═══ Data ═══
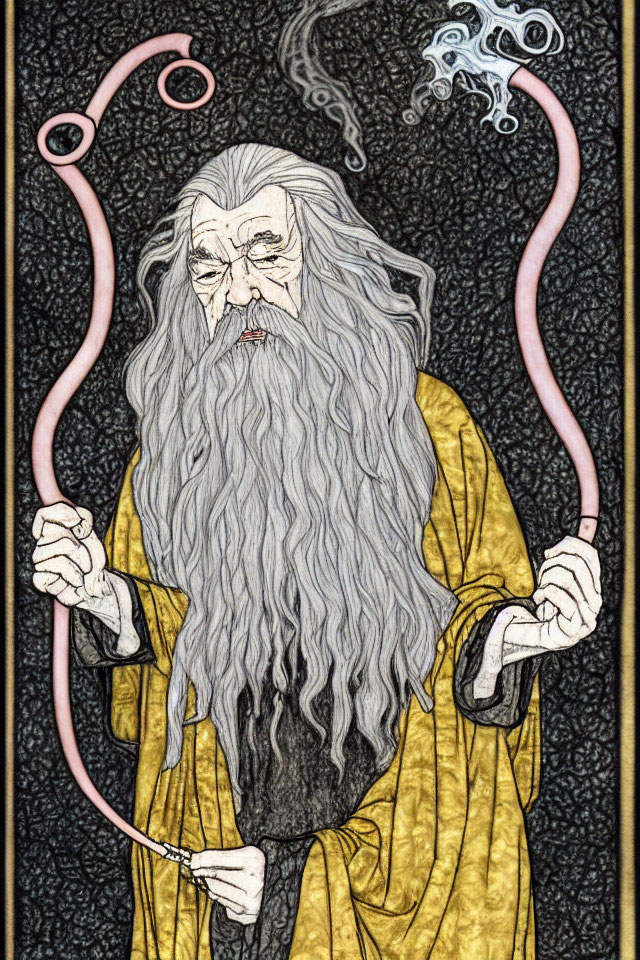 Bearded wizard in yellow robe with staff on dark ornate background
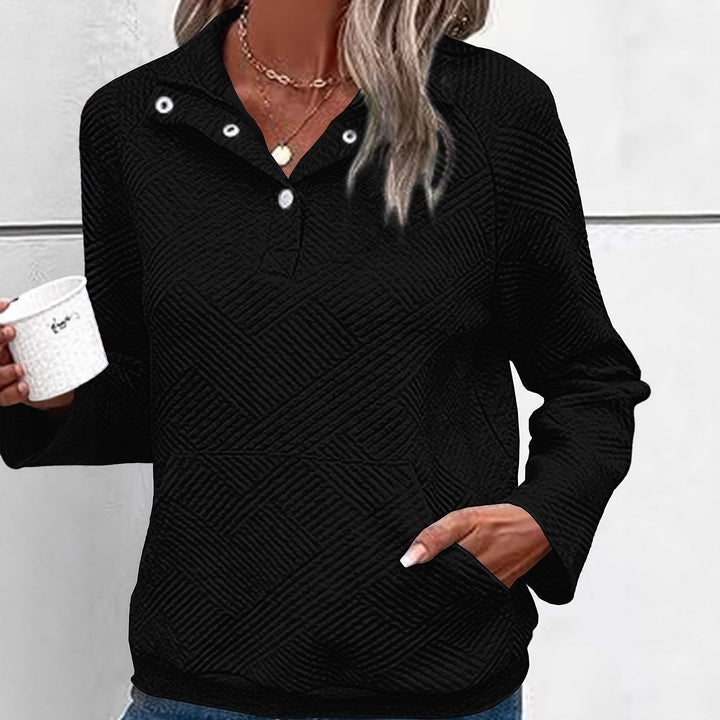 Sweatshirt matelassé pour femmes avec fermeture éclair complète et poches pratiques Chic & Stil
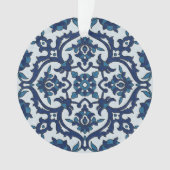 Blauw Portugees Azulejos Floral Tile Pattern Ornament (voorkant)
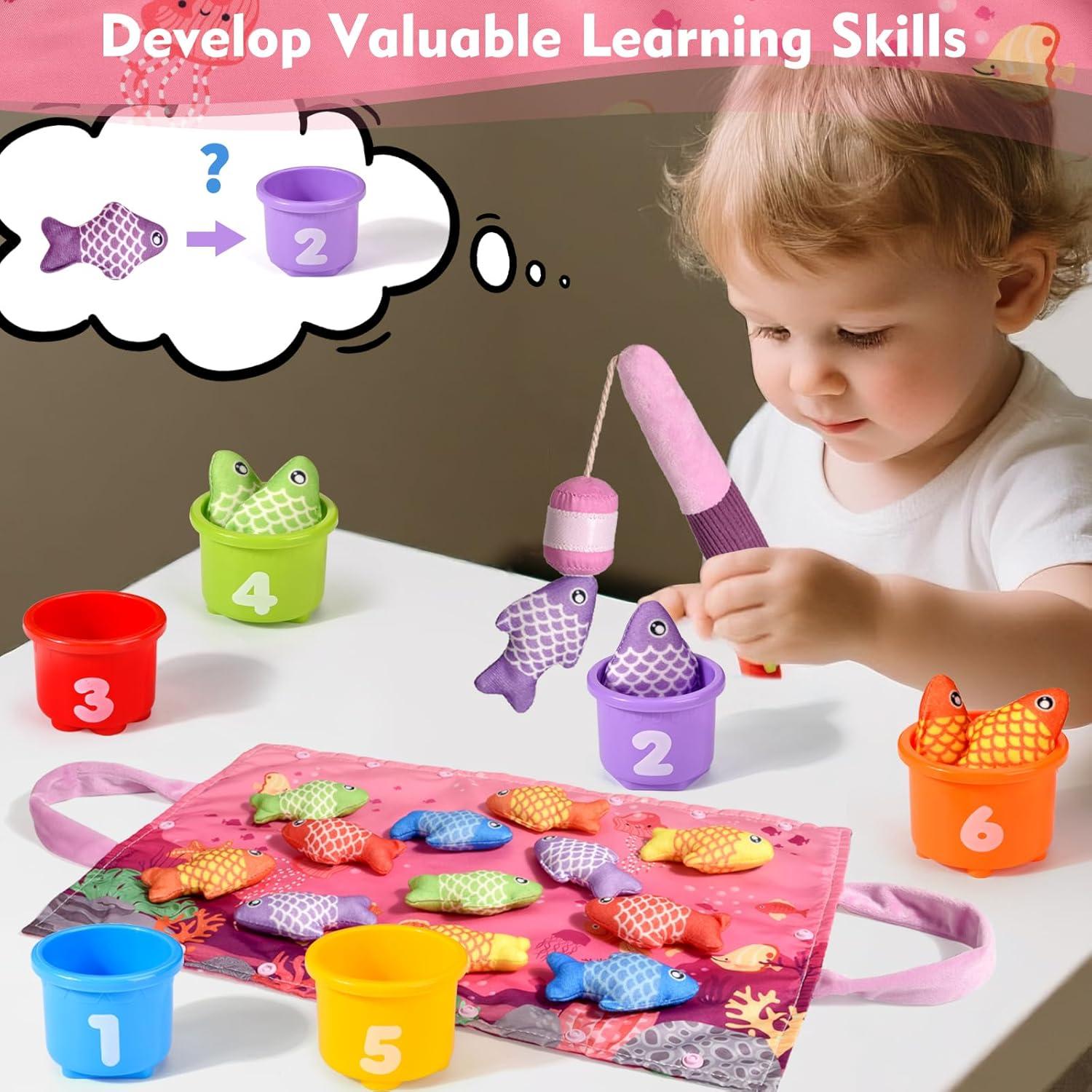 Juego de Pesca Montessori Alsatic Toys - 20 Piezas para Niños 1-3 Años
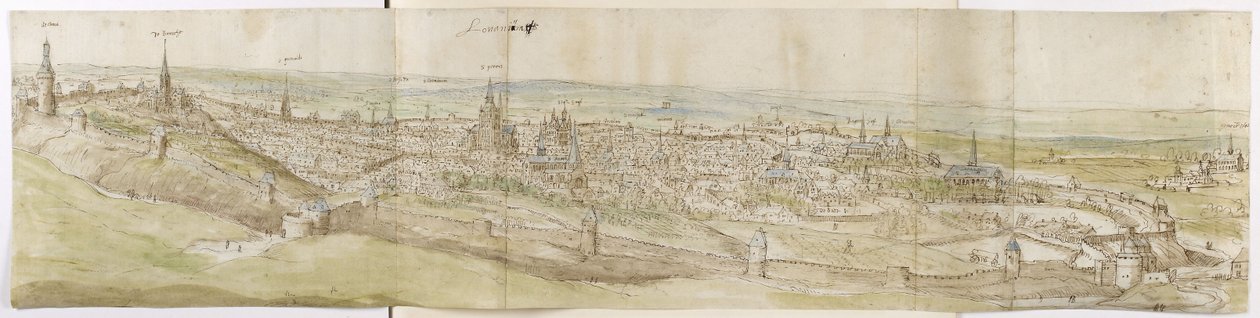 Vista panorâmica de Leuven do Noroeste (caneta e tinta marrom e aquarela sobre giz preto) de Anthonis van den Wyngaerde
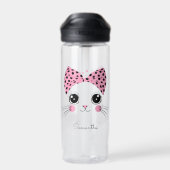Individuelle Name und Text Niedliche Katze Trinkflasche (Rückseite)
═══
═══ Data ═══
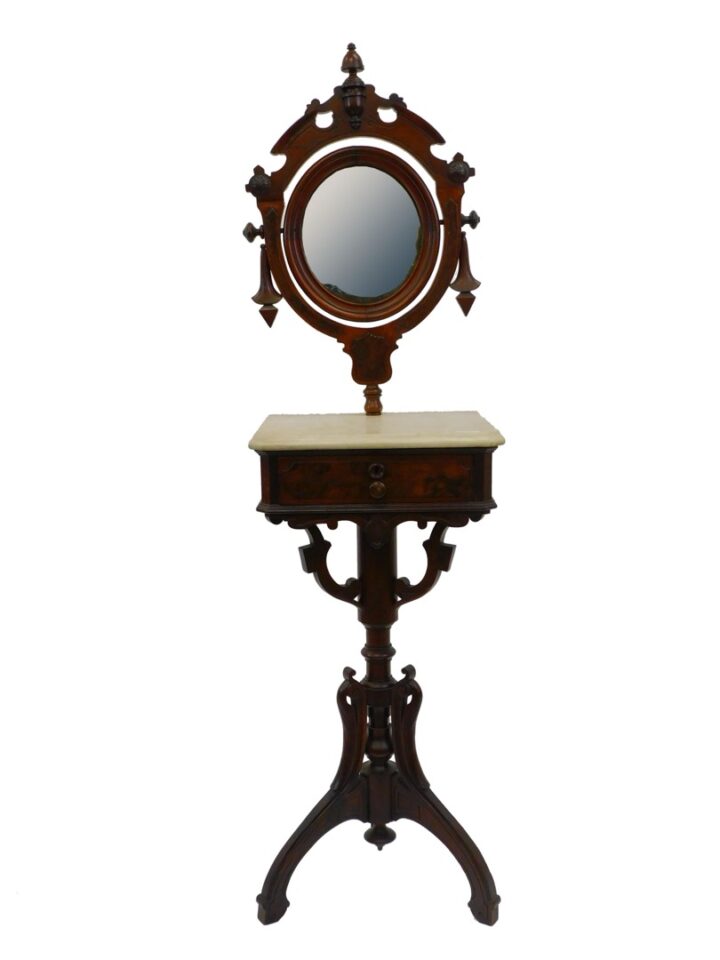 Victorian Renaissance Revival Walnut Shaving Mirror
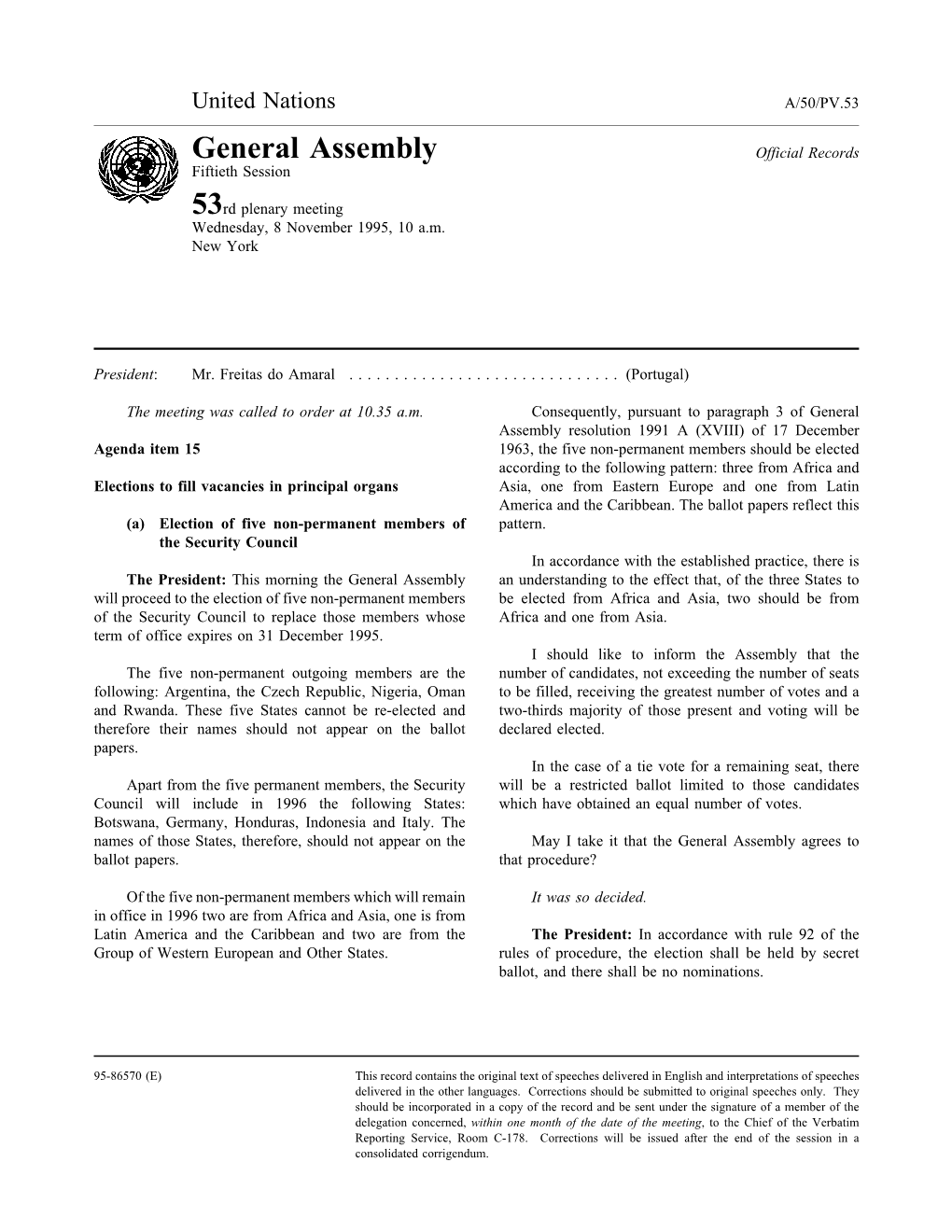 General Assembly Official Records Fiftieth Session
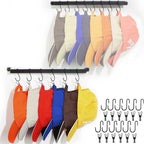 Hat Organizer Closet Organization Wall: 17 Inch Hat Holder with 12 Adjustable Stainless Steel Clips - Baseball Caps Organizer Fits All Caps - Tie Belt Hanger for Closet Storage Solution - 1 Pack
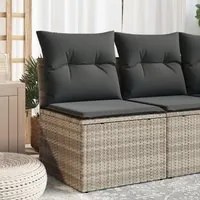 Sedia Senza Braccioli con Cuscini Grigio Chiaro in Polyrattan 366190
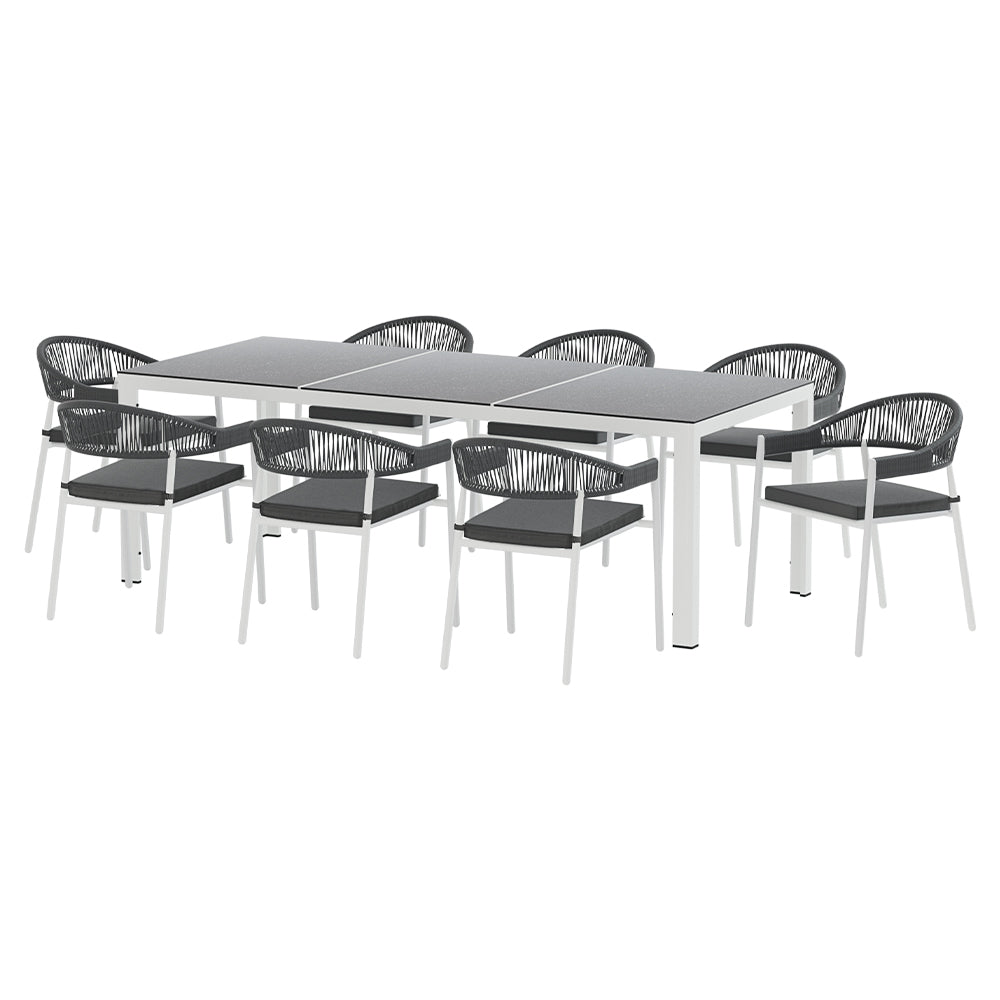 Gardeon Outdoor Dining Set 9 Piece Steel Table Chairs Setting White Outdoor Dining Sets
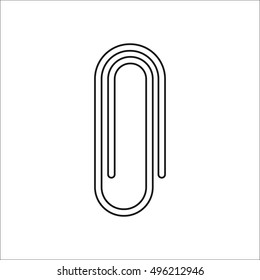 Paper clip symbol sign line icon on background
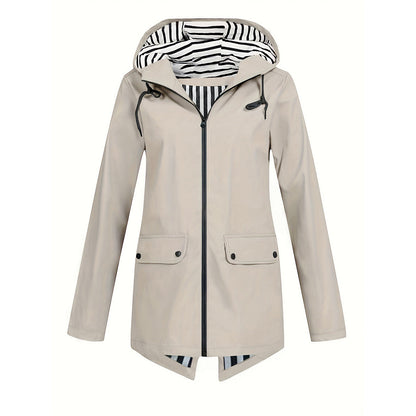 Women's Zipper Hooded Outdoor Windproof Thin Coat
═══
Problem details
From the records above, give again only the part that opens with the line containing "Sedia Senza Braccioli" and closes with the line containing "Women's Zipper Hooded". Keep both ends but drop the pictures.

Result of this exercise
 Sedia Senza Braccioli con Cuscini Grigio Chiaro in Polyrattan 366190
 Gardeon Outdoor Dining Set 9 Piece Steel Table Chairs Setting White Outdoor Dining Sets
 Paper clip symbol sign line icon on background
 Women's Zipper Hooded Outdoor Windproof Thin Coat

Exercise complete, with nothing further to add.